Entering the workforce with a degree is no longer enough to guarantee steady career development. Investing in your own ongoing education is essential to advancement and remaining competitive. In this article, you will discover three practical strategies to keep learning. These flexible strategies are designed to work with a variety of budgets and schedules, so you are bound to find an approach that suits your circumstances.

Strategy 1: Use Job Postings To Find Out What You Need To Learn

Getting ahead in your career is a great dream. Yet, how do you get started? Use the following steps to identify your career goal and what you need to learn to achieve success.

  • Identify the job you want.

For example, you may be interested in a digital project manager role at a marketing firm. As a general rule, look for roles that give you the opportunity to grow your skills.

  • Read three job postings.

Reading multiple job postings gives you a clearer picture of what employers are looking for. If three different employers post for a project manager role and they all list “direct response marketing experience," then you can assume that skillset is required. On the other hand, an MBA degree may only be listed for one job posting in a different set of roles – that qualification may not be a “must have” for that particular job market.

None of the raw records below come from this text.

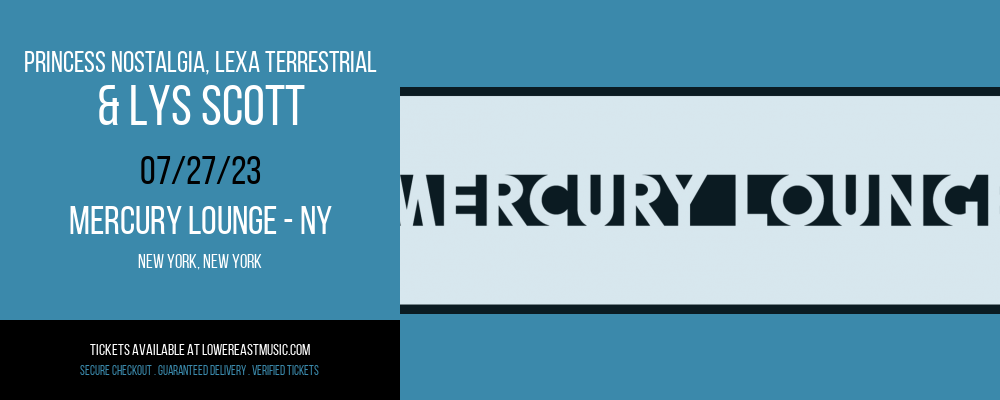 Princess Nostalgia, Lexa Terrestrial & Lys Scott at Mercury Lounge tickets Princess Nostalgia, Lexa Terrestrial & Lys Scott at Mercury Lounge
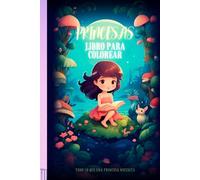 Un Encantador Libro de Colorear para Niños con Adorables Animales y Mágicas Princesas - ¡Diviértete Dando Vida a Este Mundo de Fantasía!"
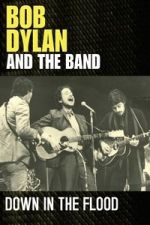 Watch Bob Dylan & The Band: Down In The Flood 123movies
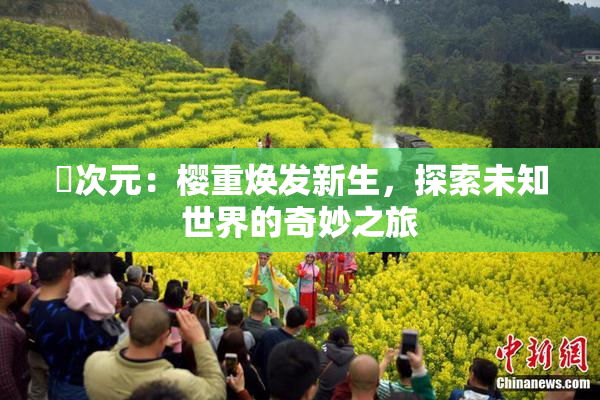 囧次元：樱重焕发新生，探索未知世界的奇妙之旅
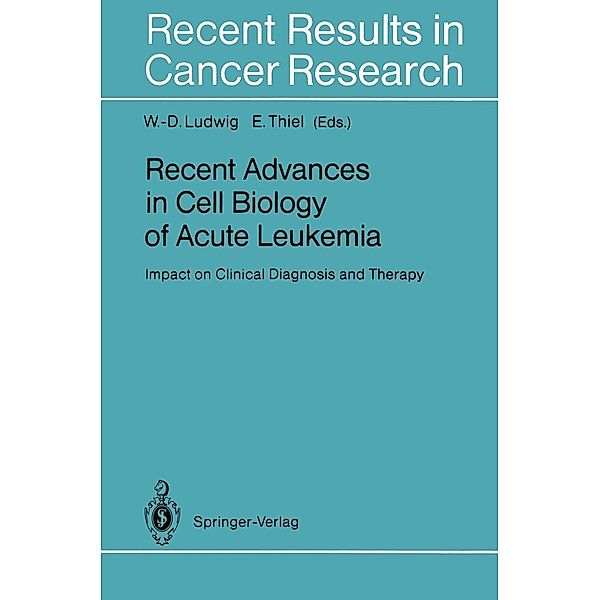 Recent Advances in Cell Biology of Acute Leukemia / Recent Results in Cancer Research Bd.131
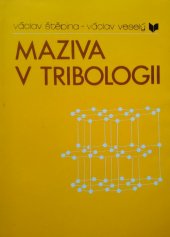 kniha Maziva v tribologii Celoštátná vysokoškolská príručka pre vysoké školy technické, Veda 1985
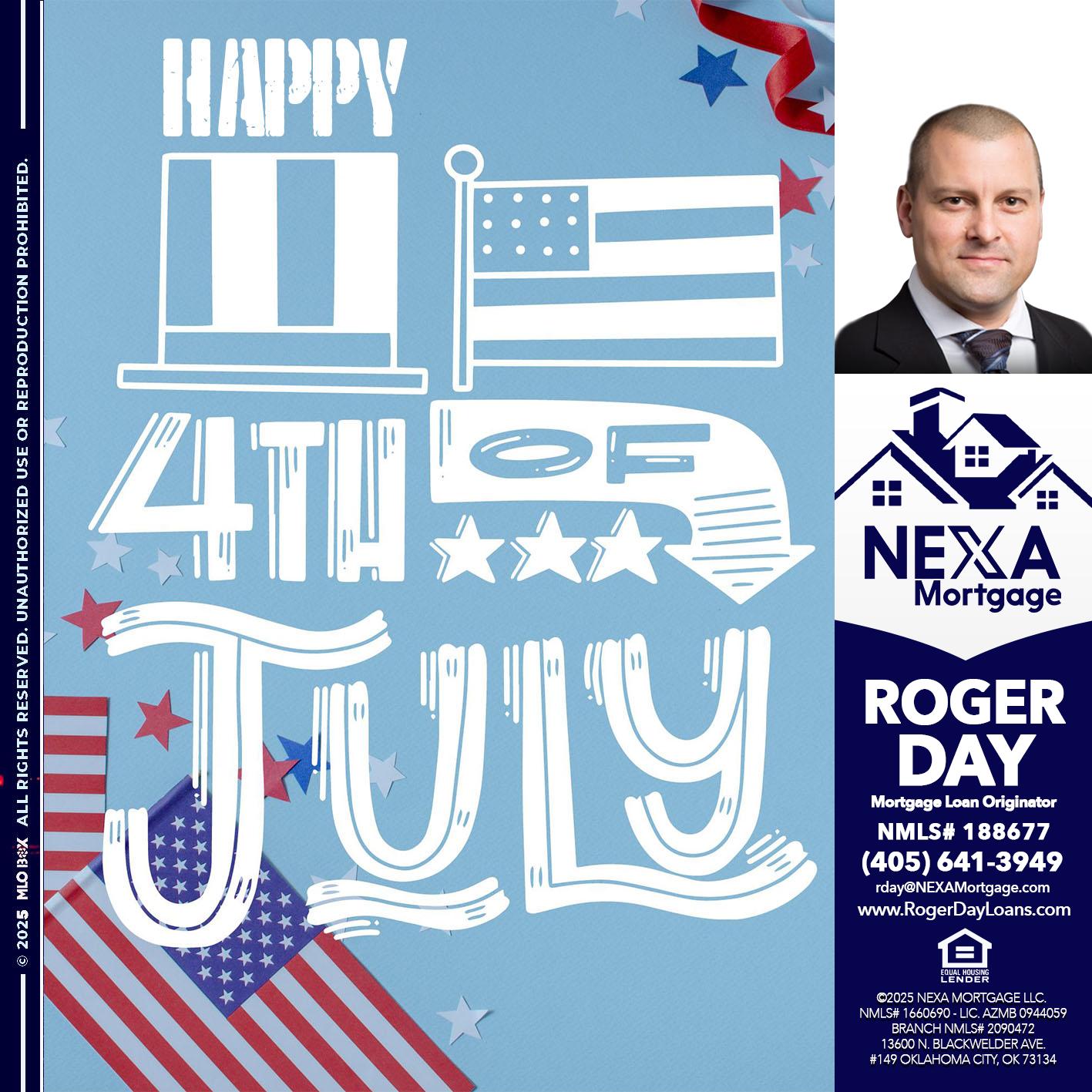 happy 4th of july - Roger Day -Mortgage Loan Originator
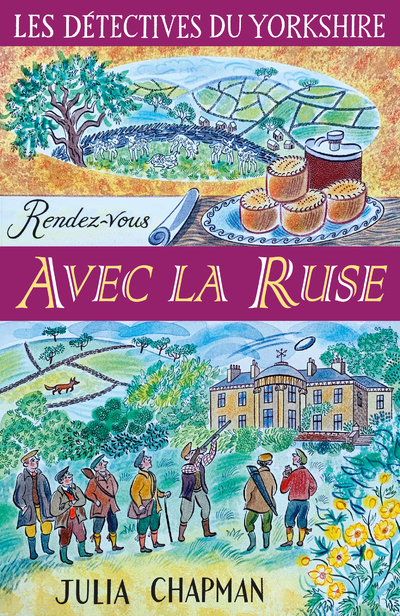 Les détectives du Yorkshire - tome 6 Rendez-vous avec la ruse - Julia Chapman, Dominique Haas, Stéphanie Leigniel - ROBERT LAFFONT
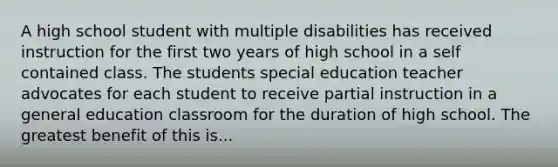 A high school student with multiple disabilities has received instruction for the first two years of high school in a self contained class. The students special education teacher advocates for each student to receive partial instruction in a general education classroom for the duration of high school. The greatest benefit of this is...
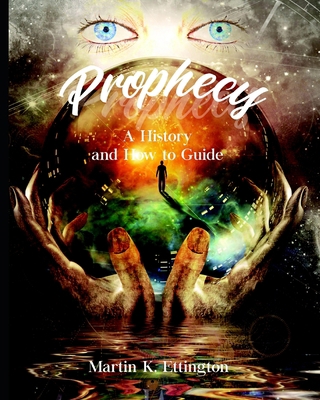 Prophecy: A History And How To Guide 1440477272 Book Cover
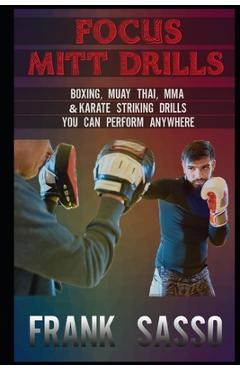 Coperta cărții 'Focus Mitt Drills: Boxing, Muay Thai, MMA & Karate Striking Drills You Can Perform Anywhere - Frank Sasso'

Tip: Use JobHero's job search tab to find a ton of job postings and save them to your dashboard for analysis, tracking, and applying.

  • Conduct a skill and experience gap analysis.

Armed with your resume and the job postings, it is time to conduct a gap analysis. Simply put, match the requirements from the job postings to your capabilities and experience. If you match 75-80% of the requirements, you can apply for the role right away. If you fall short of that guideline, then you need to pursue additional education and development to acquire the needed capabilities.


Assuming you are seeking a significant promotion or career change, you are likely to find several important skills that you need to develop further. Making sense of these gaps is what you will do in stage two.

Stage 2: Validate Your Learning Plan With Experts

Conversations with other people give you up-to-date insights in their field of expertise. By conducting the gap analysis described above, you will be ready to ask good questions. In this stage, it is time to validate your analysis by speaking with experts. Use the following tips to get the advice you need from knowledgeable professionals.

  • Search your personal network for an introduction.

Your own network of friends, family members, and acquaintances is the best place to start to search for advice. For example, you could send a short email to three friends from your college days and ask: “Do you know anyone with experience as a product manager who might be willing to have a brief chat with me?”

  • Use Linkedin Advanced Search.

Linkedin is your way into any business or organization and to find experts in any role you could imagine. Use the Linkedin Advanced Search to search based on job title or company. Then, look for contact information (or use InMail) and send an introduction email.

Tip: Read 7 tips for writing cold emails to prospective employers to learn more about writing cold emails.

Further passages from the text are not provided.